Saturday, December 11, 2004

Islamic terror based on Qu’ran: ex-CIA official

Islamic terror based on Qu’ran: ex-CIA official


A former top official of the U.S. Central Intelligence Agency paints a menacing picture of the relationship between Islam and terrorism.
“Islamic terrorism is based on Islam as revealed through the Qu’ran,” keynote speaker Bruce Tefft claimed in a panel discussion at the University of Toronto on jihad and global terrorism. The session, held late last month, was sponsored by the Friends of Simon Wiesenthal Center and the Speakers Action Group.
Tefft, a founder of the CIA’s counter-terrorism center and now an advisor to the New York Police Department’s intelligence and counter-terrorism divisions, said that without Islam, the long-term strategy of Al Qaeda and its followers make little sense.
Linking Osama bin Laden to the attacks against the World Trade Center and the Pentagon in 2001, Tefft said: “To pretend that Islam has nothing to do with Sept. 11 is to willfully ignore the obvious and to forever misinterpret events.”
In a harsh indictment of Islam – the world’s fastest growing religion and the second-largest faith after Christianity – Tefft said that while there may be moderate Muslims, Islam itself is immoderate.
And, he added, “There is no difference between Islam and Islamic fundamentalism, which is a totalitarian construct.”
According to Tefft, the Qu’ran enjoins Muslims to believe that the whole world should be governed by the principles of Islam, an expansionist religion that has historically grown through conquest.
All infidels are to be converted, enslaved or killed, he said, drawing on the knowledge of Bernard Lewis, a Jewish historian who has written books about Islam and Islamic history.
Tefft, whose career at the CIA spanned 21 years, argued that Islam was a religion of peace and tolerance in its formative phase, but has since grown intolerant of non-Muslims.
Islam cannot be reformed because its teachings, as revealed through the Qu’ran, are regarded as the word of God, and to be a Muslim, a believer must accept the Qu’ran on a literal basis, Tefft said.
He said Islam views Judaism and Christianity as failed religions and itself as the only true religion.
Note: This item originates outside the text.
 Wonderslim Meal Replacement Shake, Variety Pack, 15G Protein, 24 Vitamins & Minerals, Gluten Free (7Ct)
Islamic terrorists are animated by passionate anti-Western convictions, Tefft argued. They blindly sacrifice their lives for the chance of going to paradise and enjoying the charms of 72 virgins.
To them, the United States is the epitome of evil, because its constitution separates church and state.
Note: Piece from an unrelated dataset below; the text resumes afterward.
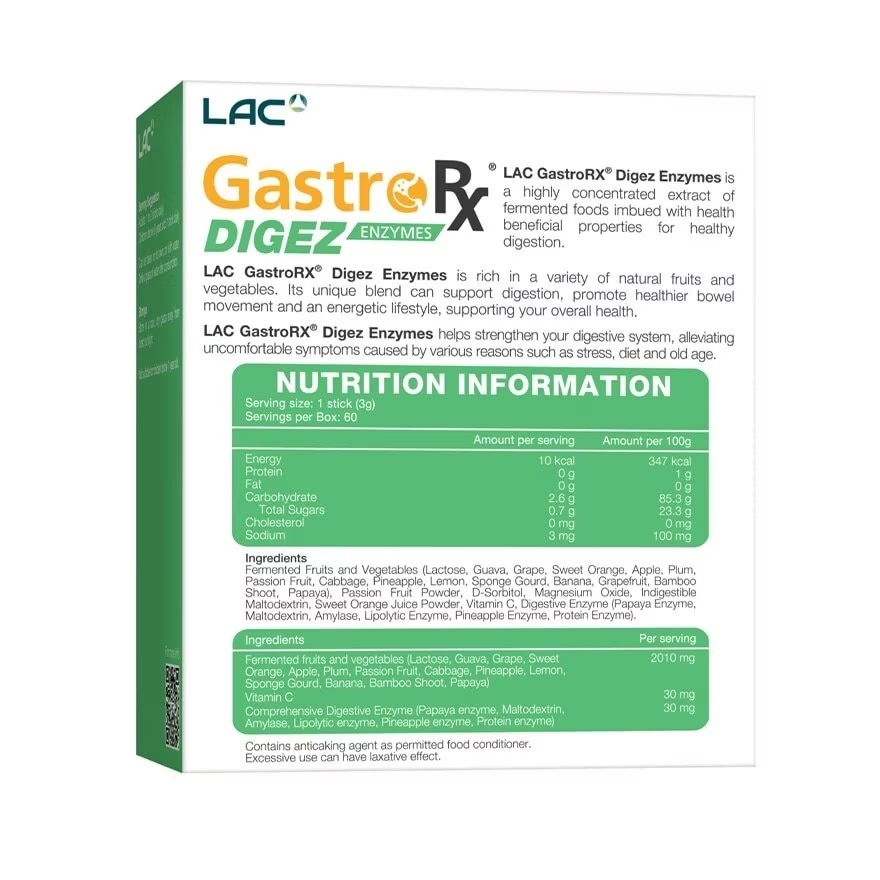 Gastrorx Enzyme 60s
Tefft said Al Qaeda’s 700-page training manual covers all aspects of terrorism, from surveillance to assassinations, and is drawn from U.S., Russian and Iranian manuals .
“They’ve compiled the best of the best.”
Of the 6,000 or more mosques in North America, 80 per cent are radical in orientation and devoted to spreading an intolerant Wahabi strain of Islam. They are funded by Saudi Arabia, he said.
David Harris, the former head of strategic planning at the Canadian Security Intelligence Service, said that Islamic fundamentalists are hostile to Canada and consider it a “Little Satan.”
He warned that Hezbollah has begun surveying sites in Canada for possible terrorist attacks.
Canada, though, innocently thinks it is immune to such aggression, Harris said.
John Thompson, the president of the MacKenzie Institute, a Canadian research organization, said Al Qaeda has a reservoir of recruits for at least a generation to come.
Tom Kay, the chief of police in Owen Sound and the immediate past president of the Ontario Association of Chiefs of Police, said Canadian law enforcement agencies that combat terrorism are under-funded.
“We face complacency from people in power,” he said, referring to Canadian politicians at all levels.
It is scandalous that more money is not being allocated to counter-terrorism efforts, Kay said.
Leo Adler, the director of national affairs for Friends of the Simon Wiesenthal Center, urged Canada to be more resolute in fighting terrorism.
Rather than operating in a vacuum, Jihadists work with highly honed organizations that supply them with funds, logistical support and intelligence, Adler commented.